* **Task details**
All entries must be repeated exactly; do not include the pictures.

[Excerpts from a dataset]

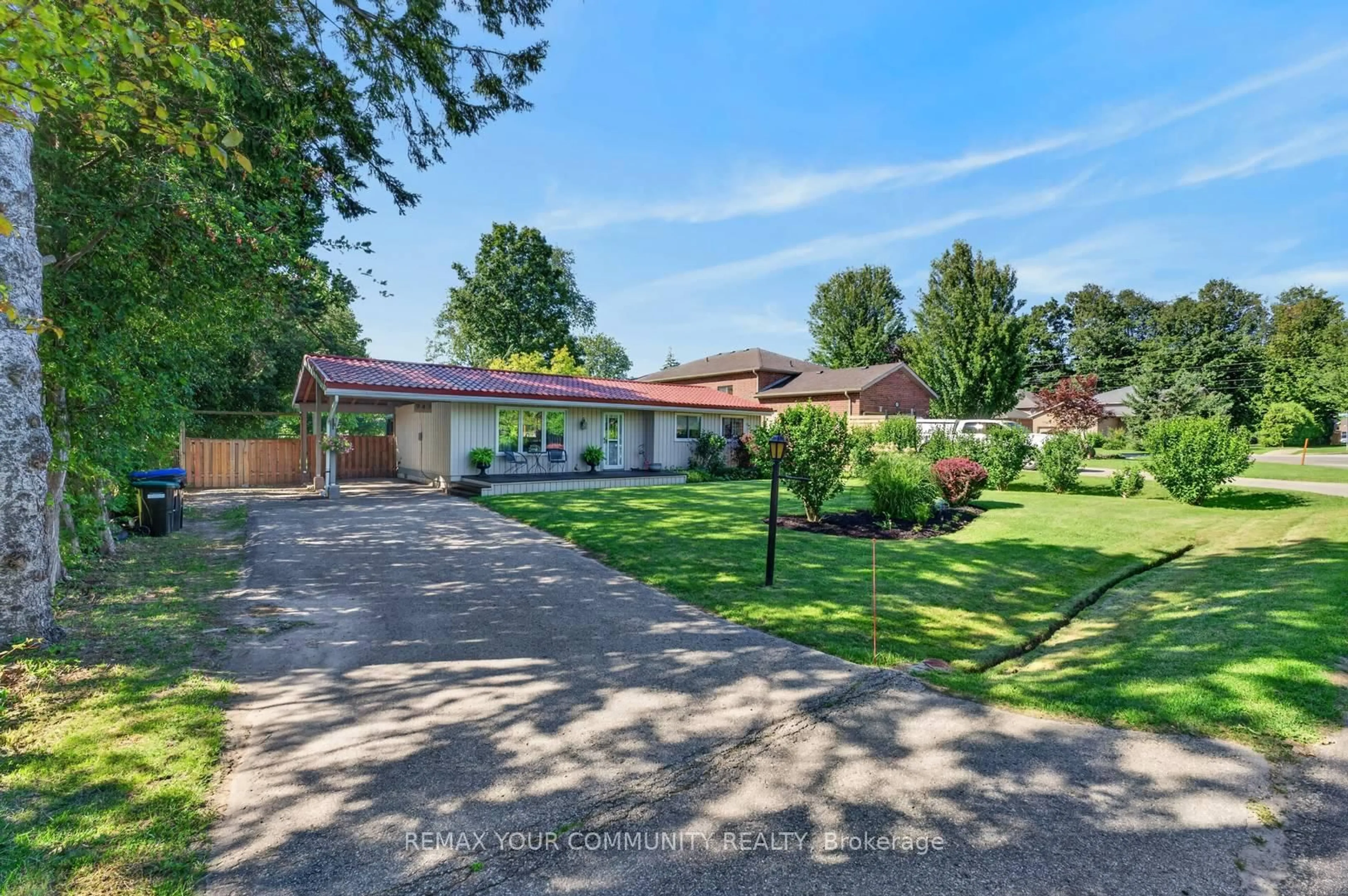 A pic from outside/outdoor area/front of a property/back of a property/a pic from drone, street for 943 Blackwoods Ave, Innisfil Ontario L9S 1S6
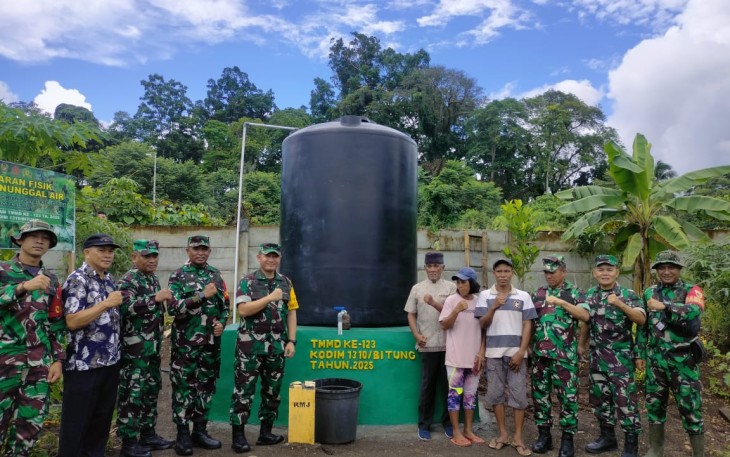 Warga dan lurah Girian Permai bersama tim Wasev Kodam XIII Merdeka di lokasi pembangunan Manunggal Air TMMD Kodim 1310/Bitung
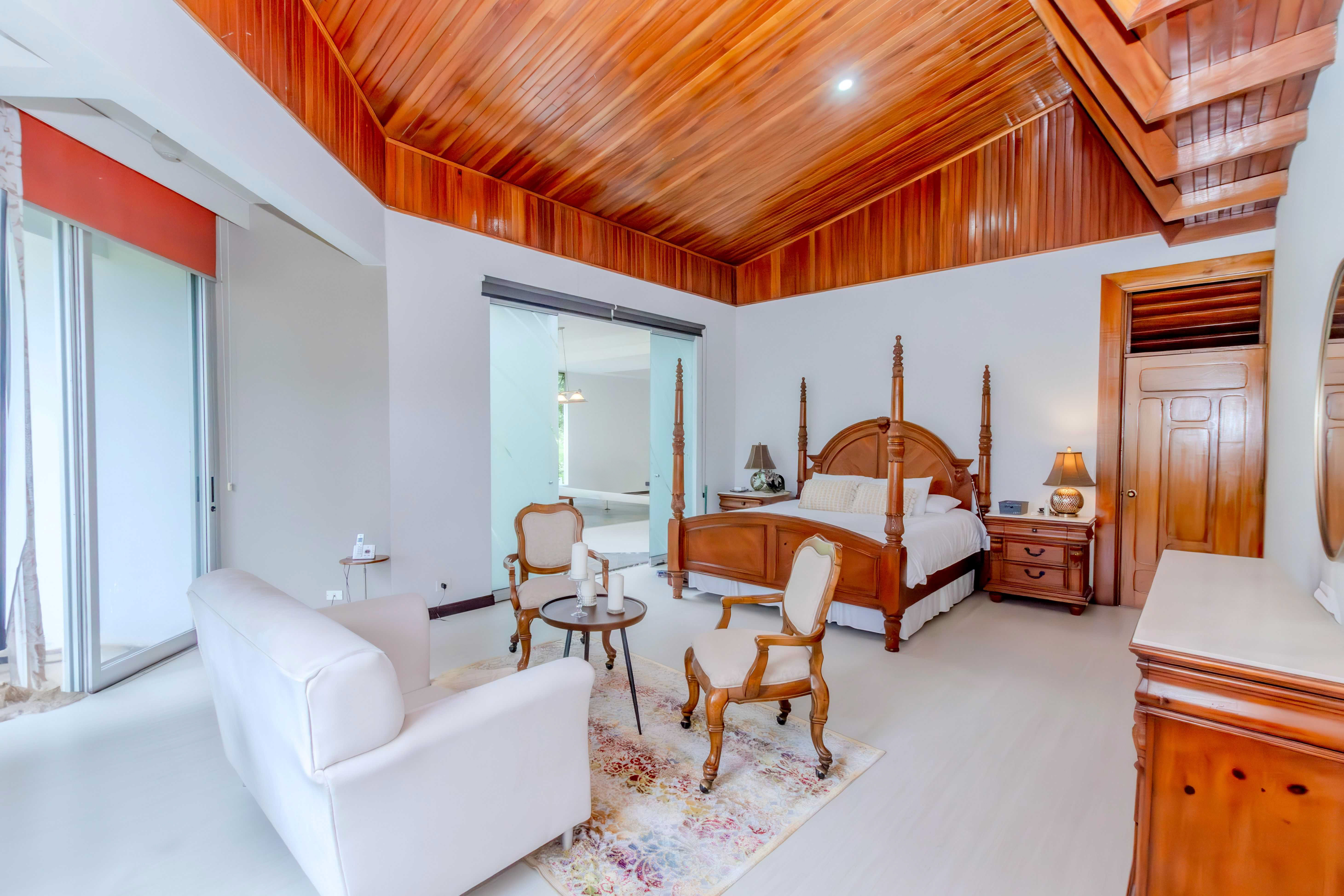 La Guacima, Alajuela, CR, 4 Bedrooms Bedrooms, ,2 BathroomsBathrooms,Residential,For Sale,1708336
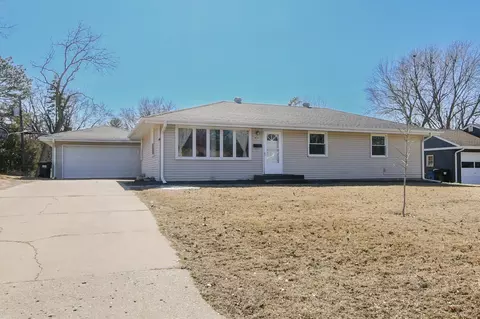 470 67th Ave NE, Fridley, MN 55432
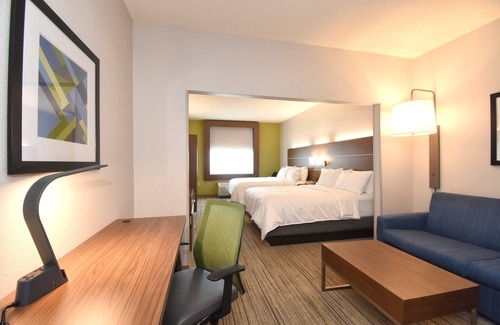 Southern Pines Hotel | Discover Holiday Inn Express Southern Pines: Top-Rated Amenities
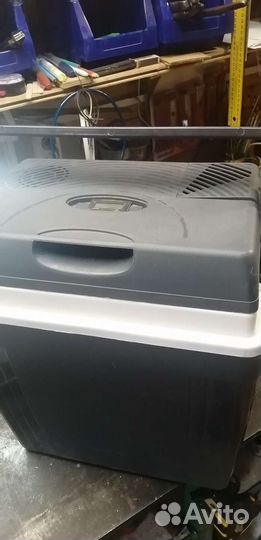 Авто холодильник Еzetil E 27N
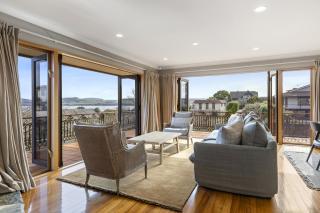 Harvey Lake House - stylish comfort with outdoor deck and lake views - 0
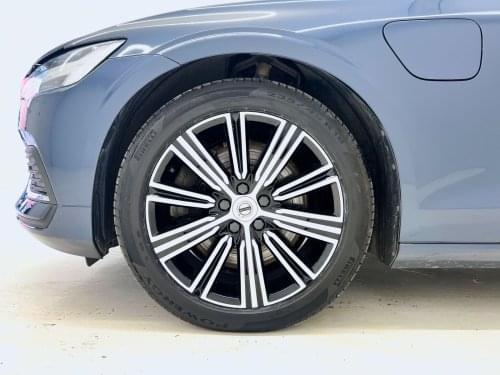 VOLVO V60 INSCRIPTION AWD 2.0 T6 340 2021 de segunda mano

* **Written reply**
 A pic from outside/outdoor area/front of a property/back of a property/a pic from drone, street for 943 Blackwoods Ave, Innisfil Ontario L9S 1S6
 Warga dan lurah Girian Permai bersama tim Wasev Kodam XIII Merdeka di lokasi pembangunan Manunggal Air TMMD Kodim 1310/Bitung
 La Guacima, Alajuela, CR, 4 Bedrooms Bedrooms, ,2 BathroomsBathrooms,Residential,For Sale,1708336
 470 67th Ave NE, Fridley, MN 55432
 Southern Pines Hotel | Discover Holiday Inn Express Southern Pines: Top-Rated Amenities
 Авто холодильник Еzetil E 27N
 Harvey Lake House - stylish comfort with outdoor deck and lake views - 0
 VOLVO V60 INSCRIPTION AWD 2.0 T6 340 2021 de segunda mano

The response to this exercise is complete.